I am trying to count the occurrences of ALL words in a file. However, I want to exclude certain words: short words (i.e. <3 chars), and words contained in an blacklist file. There is also a desire to count words that are capitalized (e.g. proper names). I am not 100% sure where the line on capitalization is; i.e. do we count the first word of a sentence differently? What if it is a word that would be capitalized in the middle of a sentence, e.g. a name? So working on the other parts is more important, but any other input would be appreciated.

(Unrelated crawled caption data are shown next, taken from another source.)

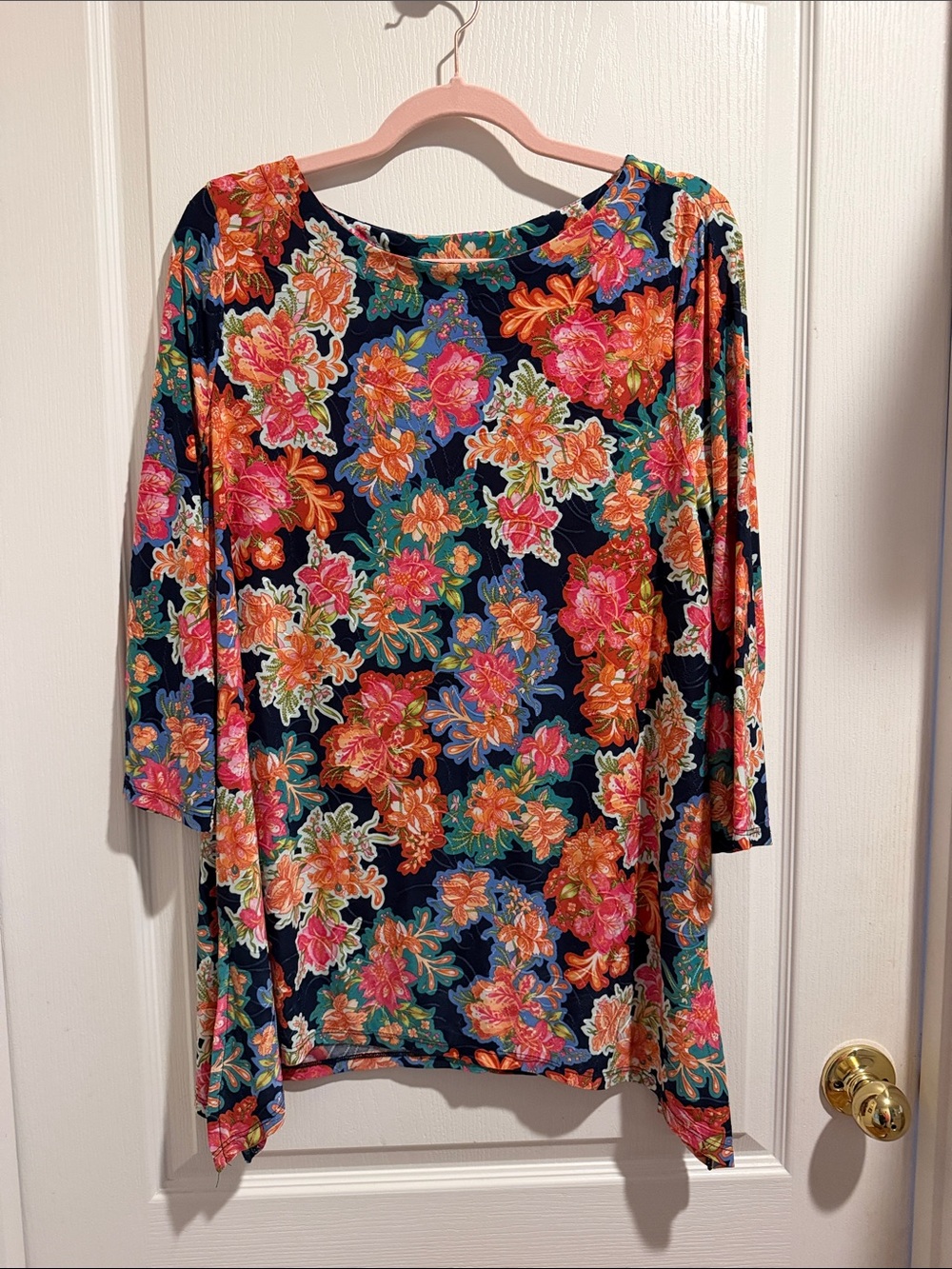 JM Collection Navy Floral Scoop-Neck Tunic with Pink and Orange Blooms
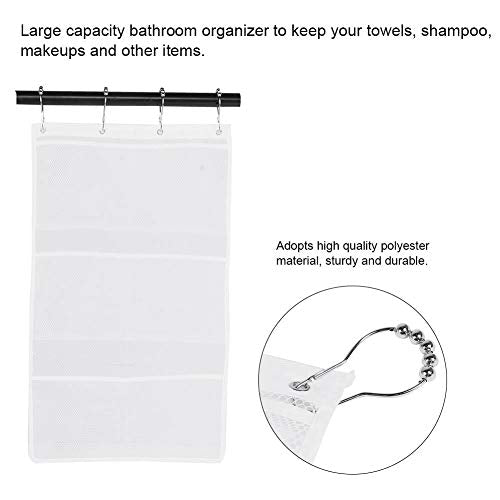 Yosooo 6 Pockets Mesh Shower Organiser Bathroom Over The Door Hanging Mesh Pockets Storage Bag Holder Hanging Caddy With Hooks Q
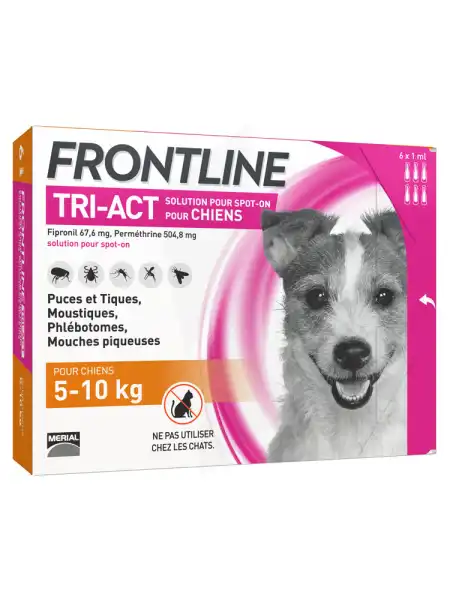 Frontline Tri-act Solution Pour Spot-on Chien 5-10kg 6pipettes/1ml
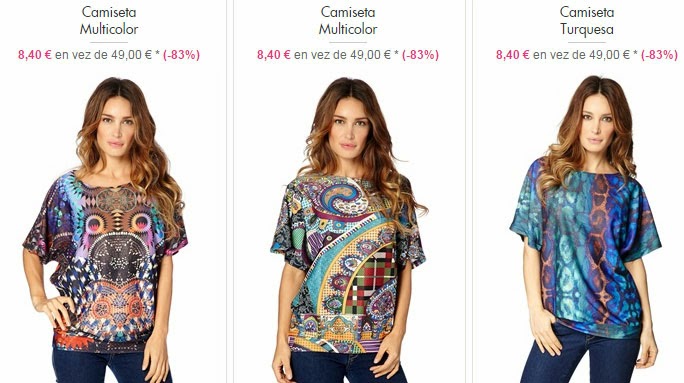 Camisetas multicolor para mujer Ejemplos de camisetas a la venta por sólo 8,40 euros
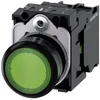 Siemens mygtukas su pašvietimu, 22 mm, apvalus, plastikinis, žalias, mygtukas, plokščias, su zestego contactem momentinis, su laikikliu, 1 NO, modu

I have put together a command to do the word counting in the file (I borrowed code that I found here in other postings). It is in a script here, and uses command line arguments for the filename, too:
tr -cs "[:alpha:]'" "\n" < $1 | sort | uniq -c | sort -rn >w_counts.txt
In the TR command, I have put in an apostrophe in the match set so that it doesn't break up contractions (e.g. "doesn't"). The output of TR is a CR/LF separated list of words that is then fed into the others, where it gets sorted so that 'uniq' will count correctly. Then that is reverse sorted (we want to know about the highest occurring words) and output to the text file. (This will eventually be imported back into a database.)
This works in about .5 seconds on a 4000+ word file. I am pretty happy with that.
Any comments or suggestions about excluding short words or words from a blacklist file, or even the counting capitalized words, would be appreciated.
I am working on Mac OS X 10.6.8, but would hope to get a solution that will work under a Windows Unix-like shell (e.g. Cygwin).
Thanks,
J